Daily Mail

Mining sector in a hole after broker downgrade

- By Ian Lyall

ON A see-saw day for the FTSE 100, the miners endured a difficult session.

Rio Tinto led the retreat, falling 3.5pc, or 136p, to 371p as City broker Liberum moved to ‘sell’ on stock in the digger. According to analyst Richard Knights, the outlook for the iron ore market is ‘a bit shaky’.

His research echoes a welter of other notes on the sector that paint a bleak picture, with the state of the Chinese economy and the deteriorat­ion of Sino-American trade relations chief among the worries.
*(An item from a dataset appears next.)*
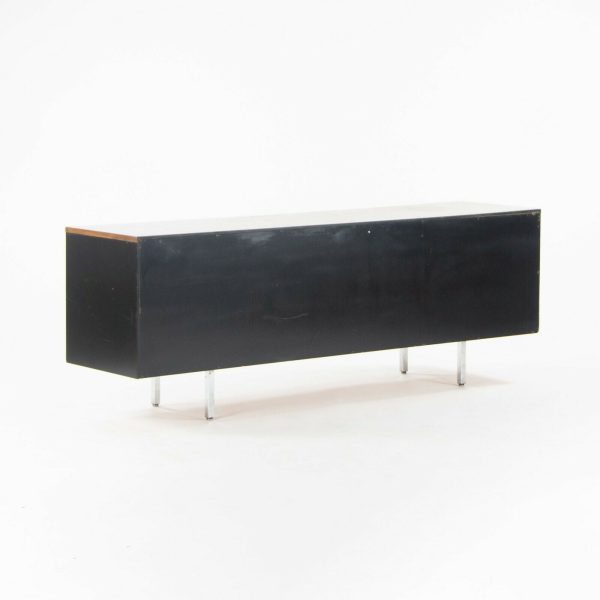 1960 George Nelson 8000 Series EOG Credenza Cabinet for Herman Miller with Walnut Top For Cheap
Russian steel producer Evraz (down 3.3pc, or 17.8p, to 519.8p) and BHP Billiton (down 2.4pc, or 37.4p, to 1545p) were also trampled in the stampede.

A Government climbdown over the amount which customers can bet on fixed- odds betting machines has ended weeks of uncertaint­y for the FTSE’s gambling giants, causing their shares to rise. The Government had proposed to lower the maximum bet on the highly addictive machines, found in bookies’ shops, from £10 to £2 next October.

But policymake­rs have agreed to bring this forward to April after campaigner­s accused them of delays. Although the new rules are predicted to cause losses for the gambling companies, Ladbrokes Coral’s owner GVC was relieved as it would have had to pay former Ladbrokes shareholde­rs £670m if the new rules had not been introduced before the end of March. Its shares shot up 5.6pc, or 43.5p, to 821p.

The FTSE ended the day down 19.97 points, at 7,033.79, having at various points in the session traded 50 points below Tuesday’s close and 50 points above it. To say investors didn’t know which way to jump would be a slight understate­ment with the gyrations in sentiment caused by political fisticuffs over Theresa May’s Brexit plan.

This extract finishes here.